Жалко мне ее, не могу видеть ее такой убитой.
Я подсел к ней и нежно ее обнял, еще сильнее почувствовав, как она подавлена и несчастна. Что с ней такое? А я был так груб с ней!
— Ты видела? Снег идет.
Она не ответила, не обернулась, чтобы посмотреть. Мысли ее были заняты чем-то более важным и серьезным.
— Я думал, мы выйдем погулять. Все бело.
И на этот раз она промолчала. Ладно, подожду, пока между нами восстановится доверие. Ссора отдалила нас друг от друга. Тут она что-то сказала, но так тихо, что я не разобрал.
— Что ты шепчешь?
— Кажется, я беременна.
— Беременна? Правда?
Она кивнула.
— Слава богу! За такую весть будет тебе подарок!
— Боюсь.
Говорит она едва слышно, голос дрожит. Но теперь я уже все понимаю — угадываю.
— Чего ты боишься?
— Не знаю.

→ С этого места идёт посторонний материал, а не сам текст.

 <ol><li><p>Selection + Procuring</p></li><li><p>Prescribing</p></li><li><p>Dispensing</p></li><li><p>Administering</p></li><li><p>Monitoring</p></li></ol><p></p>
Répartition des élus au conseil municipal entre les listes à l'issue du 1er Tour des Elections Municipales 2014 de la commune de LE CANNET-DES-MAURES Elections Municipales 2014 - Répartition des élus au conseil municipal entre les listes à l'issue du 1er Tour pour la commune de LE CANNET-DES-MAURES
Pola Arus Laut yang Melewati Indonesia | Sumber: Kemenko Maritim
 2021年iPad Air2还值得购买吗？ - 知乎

Всего.
Чего бояться, говорил я. Все беременные женщины боятся. (Собственно, я не знал этого, но надо же было как-то ее успокоить.) Когда она первый раз носила ребенка, у нас была тяжелая жизнь, много волнений. И ей, с ее чувствительностью, это оказалось не под силу. Сейчас все по-другому, жизнь у нас спокойнее, пусть не такая уж хорошая, но и не плохая. И дальше пойдет не хуже, а лучше. Я сам был во многом виноват, но теперь я стал умнее, глупостей буду избегать, клянусь. Раньше мне казалось бесчестным молчать. Сейчас я молчу и не считаю себя бесчестным человеком. И все ради нее. Она для меня важнее всего на свете, важнее даже чести, в ней все мое богатство и счастье. Я вел себя гадко, грубо, только почему она мне сразу не сказала? Почему таилась — ведь знала, как я обрадуюсь.

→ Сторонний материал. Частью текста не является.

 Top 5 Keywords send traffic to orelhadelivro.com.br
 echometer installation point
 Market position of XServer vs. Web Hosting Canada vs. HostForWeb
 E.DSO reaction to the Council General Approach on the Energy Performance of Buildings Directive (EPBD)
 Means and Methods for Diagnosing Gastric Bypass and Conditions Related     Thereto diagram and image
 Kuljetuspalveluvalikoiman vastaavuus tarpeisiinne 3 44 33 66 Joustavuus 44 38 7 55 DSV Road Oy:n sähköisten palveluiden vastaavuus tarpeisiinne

Мне хотелось ее успокоить, и я не сказал всей правды. Я тоже боялся ее беременности и ее страха. Что принесет ей этот второй червячок? Одарит болью и муками? Разбередит сомнения и дурные предчувствия?
Вот откуда ее тоска и грусть — от таинственного зачатия нового живого существа, от тревоги за него и за себя, от страха, как бы не повторилось то, что однажды уже произошло, или еще хуже. Как она мучилась, пытаясь мыслью проникнуть в то скрытое и неведомое, во что невозможно проникнуть, и все одна — не мудрено почувствовать себя одинокой! Обрушив на меня град упреков, она, возможно, бессознательно корила меня за свои муки. И к сожалению, справедливо, так как, не будь я слеп, своей нежностью я если бы не избавил ее от них, то, во всяком случае, смягчил.